Pieko juga mengintruksikan orang kepercayaanya bernama Ramlin untuk mengambil dan menyerahkan uang tersebut kepada Corry Luca di kantor PTPN III. Corry merupakan pegawai PT Kharisma Pemasaran Bersama Nusantara (KPBN).
"CLU (Corry Luca) kemudian mengantarkan uang Sin$ 345 ribu ke IKL (I Kadek Kertha Laksana) di kantor PT KPBN," kata Laode saat konfrensi pers di gedung Merah Putih KPK, Jakarta Selatan, Selasa (3/9).
(Baca: Kembali Gelar OTT, KPK Tangkap Bupati Bengkayang)
Kemudian, tim dari KPK mulai bergerak untuk melakukan Operasi Tangkap Tangan (OTT) guna mengamankan Corry, Ramlin, I Kadek, serta Direktur PT KPBN Edward S Ginting pada Senin (2/9) malam. Esoknya, KPK mulai menciduk Freddy Tandou.
Laode menjelaskan, kasus itu bermula saat PT Fajar Mulia Transindo ditunjuk oleh PTPN III untuk mendistribusikan gula. Skema kerja samanya long term contract. Dalam perjanjian tersebut, semua pihak swasta mendapat jatah rutin setiap bulan untuk mendistribusikan gula.

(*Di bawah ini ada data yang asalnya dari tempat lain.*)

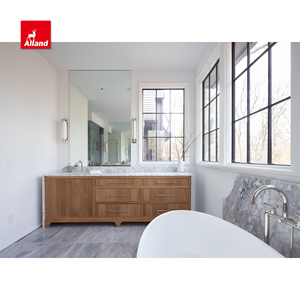 Siêu thanh lịch hàng đầu đánh giá Reed-Ed hoặc rãnh sồi trắng Inset gỗ phòng tắm Vanity với đá cẩm thạch đá và cao lưu trữ tủ quần áo - Product Image 4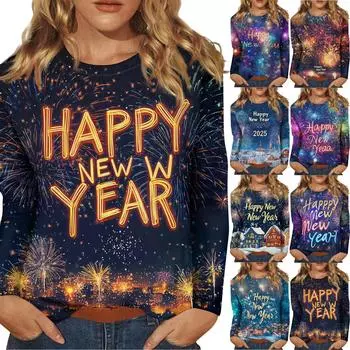 Женский повседневный модный сексуальный удобный рождественский принт с круглым вырезом и длинными рукавами XXXL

"Di PTPN III terdapat aturan internal mengenai kajian penetapan harga gula bulanan. Harga gula disepakati oleh tiga komponen yaitu PTPN III, pengusaha gula PNO (Pieko Nyoto Setiadi), dan ASB selaku Ketua Asosiasi Petani Tebu Republik Indonesia (APTRI)," kata dia.
KPK menduga, Pieko, Dolly dan Ketua APTRI berinisial ASB melangsungkan pertemuan di Hotel Shangrila pada 31 Agustus 2019. Saat itu, Dolly meminta uang kepada Pieko guna menyelesaikan masalah pribadinya.
"Uang Sin$ 345 ribu diduga merupakan fee distribusi gula yang termasuk ruang lingkup pekerjaan PTPN III (Persero), yang mana DPU (Dolly) merupakan Direktur Utama di BUMN tersebut," kata Laode.
Sebagai pihak yang diduga pemberi, Pieko dijerat dengan Pasal 5 ayat (1) huruf a atau huruf b atau Pasal 13 Undang-Undang (UU) Nomor 20 Tahun 2001 tentang Pemberantasan Tindak Pidana Korupsi.
Sedangkan Dolly Pulungan dan I Kadek sebagai pihak penerima, disangkakan melanggar Pasal 12 huruf a atau huruf b atau Pasal 11 Uu Nomor 20 Tahun 2001 tentang Pemberantasan Tindak Pidana Korupsi jo Pasal 55 ayat (1) ke-1 KUHP.